DPDP Act vs GDPR Dashboard

A comprehensive, structured comparison of India's Digital Personal Data Protection Act (2023) and the EU General Data Protection Regulation (2016).

Large Indian Tech Platform — Security Breach
Failure to implement adequate security safeguards (Section 8(1) / Article 32)

Company Profile

  • Type: Indian consumer internet company
  • Revenue: ₹10,000 crore (~€1.07 billion)
  • Users Affected: 5,000,000

DPDP Target

₹250 crore

₹250 crore is 2.5% of this company's revenue — significant but not existential. A large company may treat it as a cost of doing business if security investment is seen as more expensive.

GDPR Target

€42.8 million (4% of €1.07B turnover)

At 4% of €1.07B, the GDPR exposure exceeds DPDP's fixed cap. For larger companies, the GDPR gap widens dramatically — a company with €10B turnover faces €400M GDPR exposure vs the same ₹250 crore DPDP cap.
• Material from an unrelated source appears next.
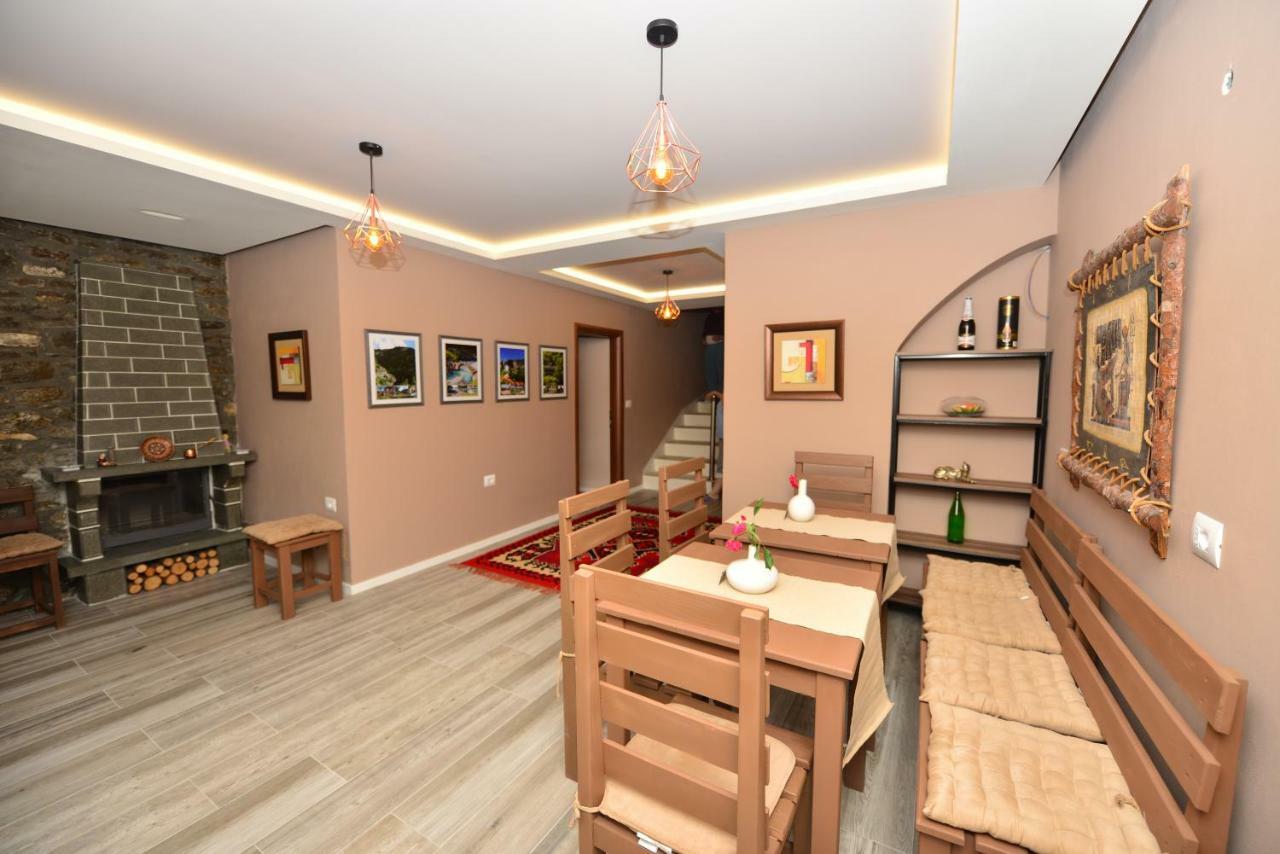 Vila Culli Përmet المظهر الخارجي الصورة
For large companies, GDPR is significantly more punitive than DPDP. The fixed-cap model of DPDP creates a disproportionate incentive gap — the same violation costs the same amount for a startup and a billion-dollar platform.

Mid-Size Indian Fintech — Breach Notification Failure
Failure to notify breach to authority and affected users (Section 8(6) / Article 33)

Company Profile

  • Type: Indian fintech startup (Series B)
  • Revenue: ₹500 crore (~€53 million)
  • Users Affected: 200,000

DPDP Target

₹200 crore

₹200 crore is 40% of annual revenue for this fintech — existential. The flat-cap model is MOST punitive for mid-sized companies relative to their revenue.

GDPR Target

€10 million OR 2% of €53M turnover (€1.06M) — whichever is higher. Cap: €10 million.

For a company with €53M turnover, GDPR Tier 1 cap is €10M — the fixed floor kicks in. DPDP's ₹200 crore (€21.4M) is higher than the GDPR cap in this scenario.

For mid-sized companies, DPDP's fixed cap can EXCEED GDPR fines in absolute terms. The DPDP's flat caps are most disproportionate for companies in the ₹100–₹1,000 crore revenue range.

Global Social Media Platform — Children's Data Violation
Processing children's data without verifiable parental consent (Section 9 / Article 8)

Company Profile

  • Type: Global social media platform
  • Revenue: USD 150 billion (~€140 billion)
  • Users Affected: 50,000,000

DPDP Target

₹200 crore

For a $150B revenue company, ₹200 crore is 0.000016% of revenue — essentially immaterial. The fixed cap creates almost zero deterrent for the world's largest platforms.

GDPR Target

€5.6 billion (4% of €140B turnover)

Meta was fined €1.2 billion under GDPR in 2023 for data transfers. A children's data violation at scale could reach the theoretical 4% cap. The deterrent effect for large platforms is orders of magnitude greater under GDPR.

This is the starkest illustration of the DPDP vs GDPR enforcement gap for global tech giants. DPDP's fixed caps are structurally incapable of creating meaningful deterrence for trillion-dollar platforms. Critics argue this is a design flaw that will be revisited as India's data economy matures.

EU Company With Indian Users — GDPR + DPDP Dual Exposure
Inadequate consent mechanisms + failure to honour erasure requests

Company Profile

  • Type: European SaaS company with Indian SMB customers
  • Revenue: €200 million
  • Users Affected: 100,000

DPDP Target

₹50 crore (other violations)

For a €200M revenue company, ₹50 crore (~€5.4M) is 2.7% of revenue — material but manageable. DPDP enforcement not yet active (Phase 3: May 2027).

GDPR Target

€8 million (4% of €200M for consent + rights failures)

GDPR enforcement is active. The cumulative exposure for concurrent consent and rights failures could approach the 4% cap. Actual fines set by DPA based on cooperation, remediation, and severity.

For a European company with Indian users, total regulatory exposure is the SUM of GDPR and DPDP fines. Budget for both regimes. Start with GDPR (active enforcement) and use Phase 3 lead time for DPDP readiness.